U.S. Attorney General Loretta Lynch said U.S. authorities have no evidence that the shooters were part of a larger terrorism cell but were working with their counterparts overseas to gather information about their lives.
“We are trying to learn everything we can about both of these individuals,” Lynch said on NBC’s “Meet the Press.” “It will be a long process, it will be an exhaustive process.”
“And we are trying to learn as much as we can about her life before they met, after they met and frankly, after she came here as well. What we are trying to focus on again is what motivated these two individuals.”

Islamic State link unclear
McCaul said it was unclear what ties the couple had with the Islamic State, which has said the pair were “followers.” At a minimum, he said, the militant group inspired the attack. Malik is believed to have pledged allegiance to the group in a Facebook posting shortly before the shooting.

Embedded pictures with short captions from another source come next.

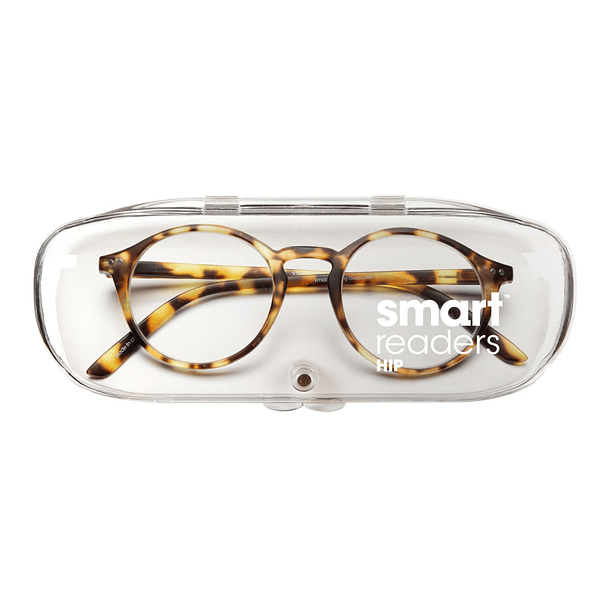 Smart Hip - Matt Tortoise B+D 1.00 3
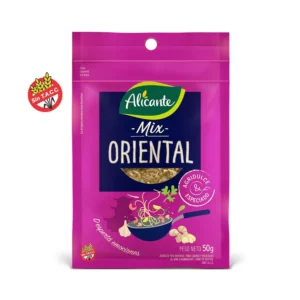 Alicante Mix Oriental 50 Gr
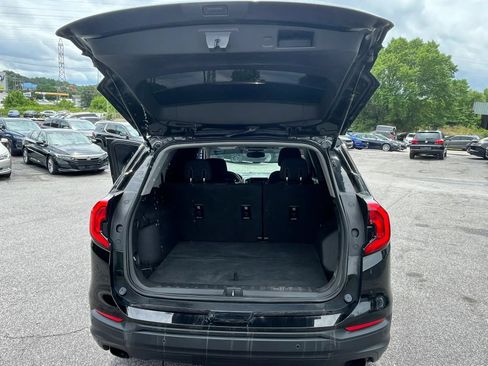 Used 2019 GMC Terrain SLE w/ Driver Convenience Package AWD/4WD image 14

“We have the computers. We have the devices. We are currently going through the forensics,” he said. “The investigation is ongoing to find out what is precisely the connection between ISIS, say, in Raqqa and in the United States, and what was going on.”
McCaul also noted that Farook had a large arsenal of semi-automatic guns, hundreds of rounds of ammunition and pipe bombs.
“We are looking at the terrorist financing aspect to this case. I believe on his salary, he was not able to buy this on his own,” said McCaul.
U.S. officials have acknowledged they had no information about the couple before the killing other than routine matters related to Malik’s immigration status in the United States.
Susan Rice, Obama’s national security adviser, said the case illustrates the difficulties in detecting self-radicalized attackers. “That’s a very real challenge and it’s one that preceded ISIL and I presume one that will endure beyond ISIL and its defeat,” she said on CNN’s “Fareed Zakaria GPS.”